═════ RECORDED DATA

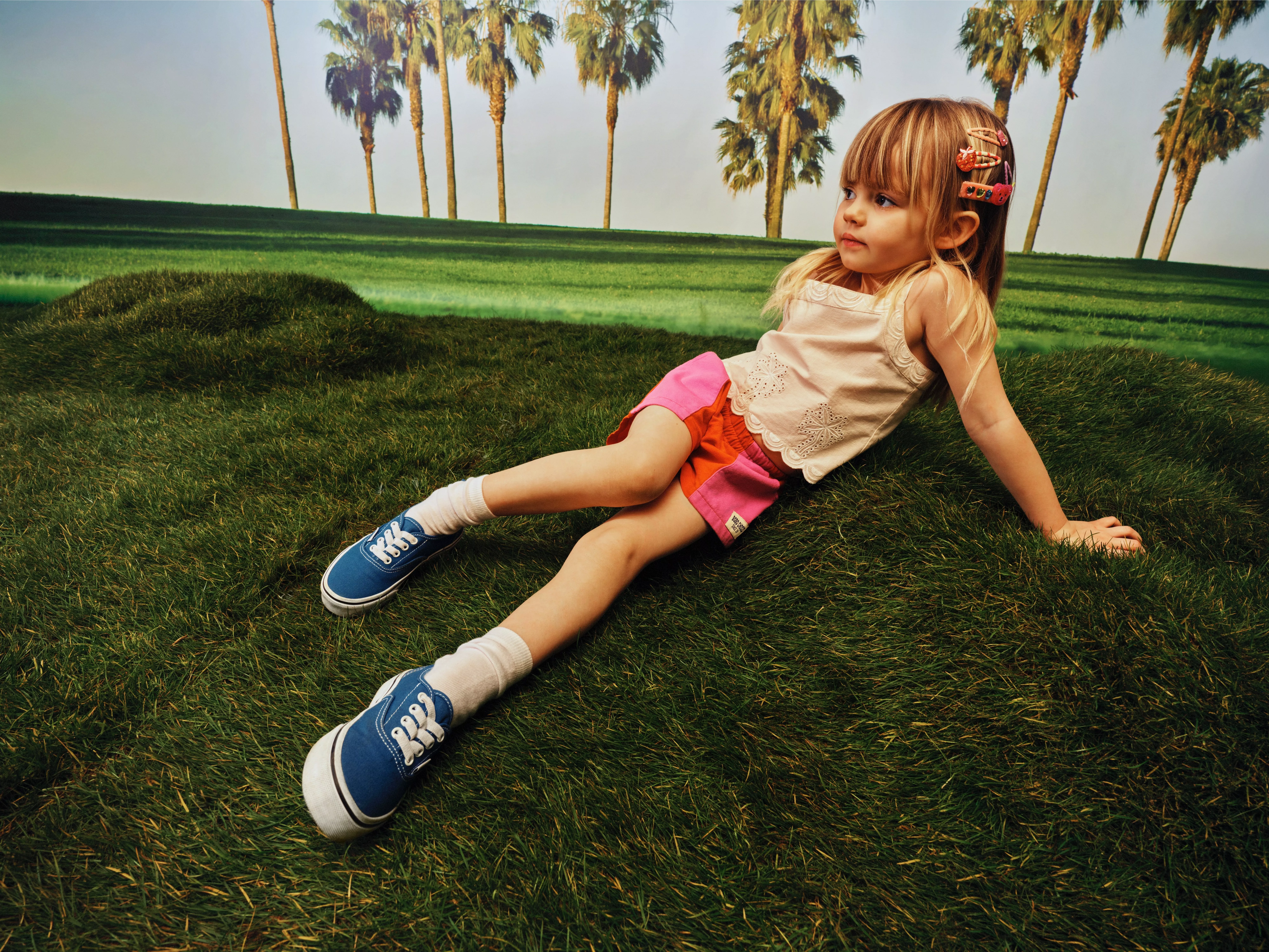 Young girl lounging on green grass in blue trainers, colourful shorts and hair clips, with palm trees behind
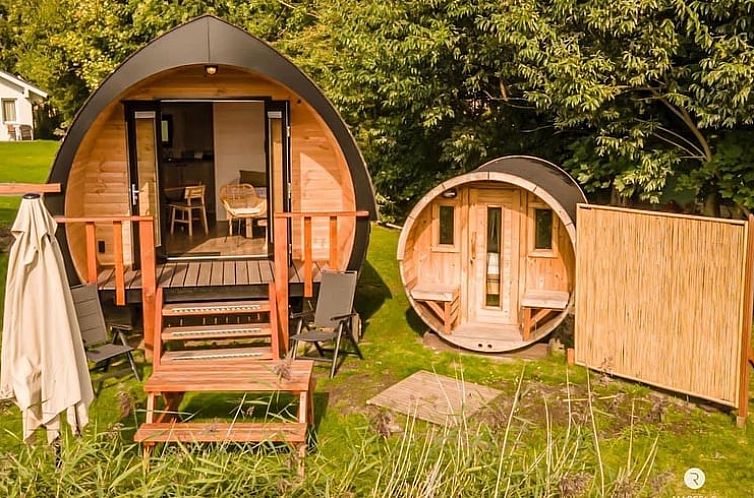 Gezellige houten lodge bij Vakantiehuis in Oostrum/Dokkum, Friesland, omgeven door weelderig groen.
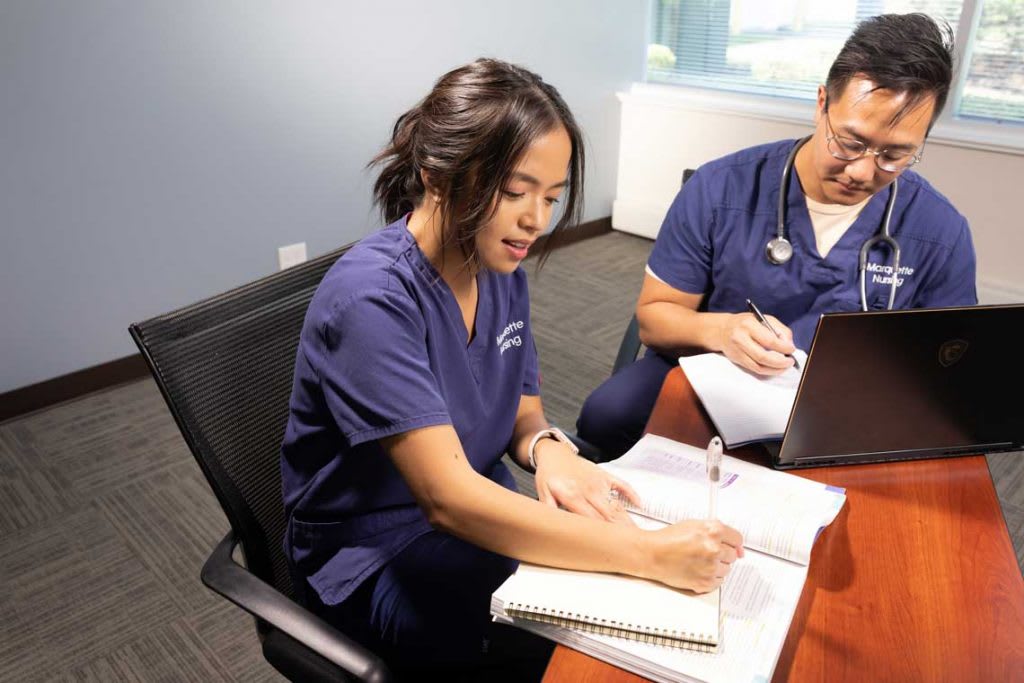 two nursing students at table studying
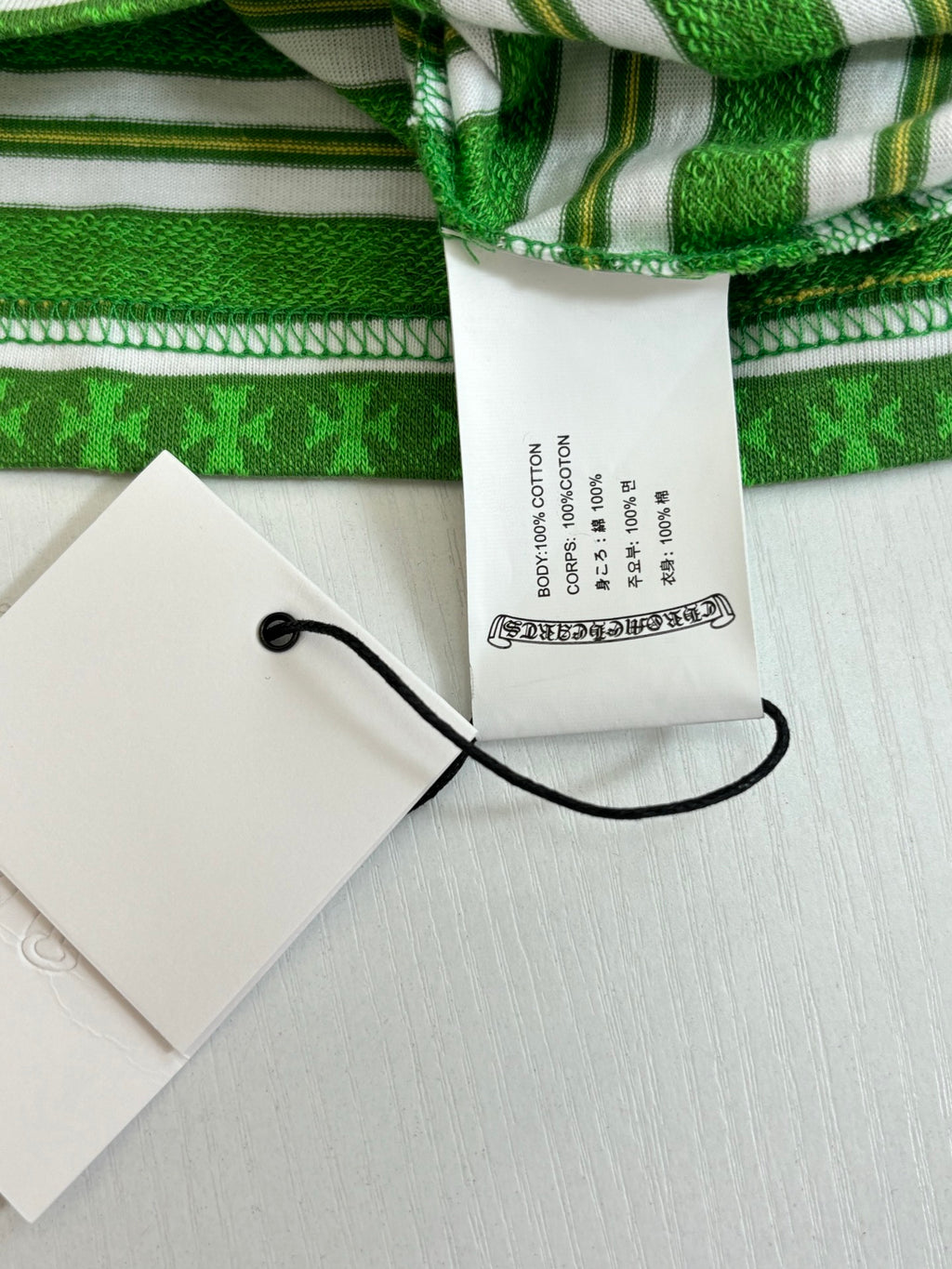 Green striped T-shirt with white neck label and black string attached to tag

══════════

WHAT YOU WILL DO
Please output the data above exactly as given, omitting every picture.

YOUR SOLUTION
 Young girl lounging on green grass in blue trainers, colourful shorts and hair clips, with palm trees behind
 Gezellige houten lodge bij Vakantiehuis in Oostrum/Dokkum, Friesland, omgeven door weelderig groen.
 two nursing students at table studying
 Green striped T-shirt with white neck label and black string attached to tag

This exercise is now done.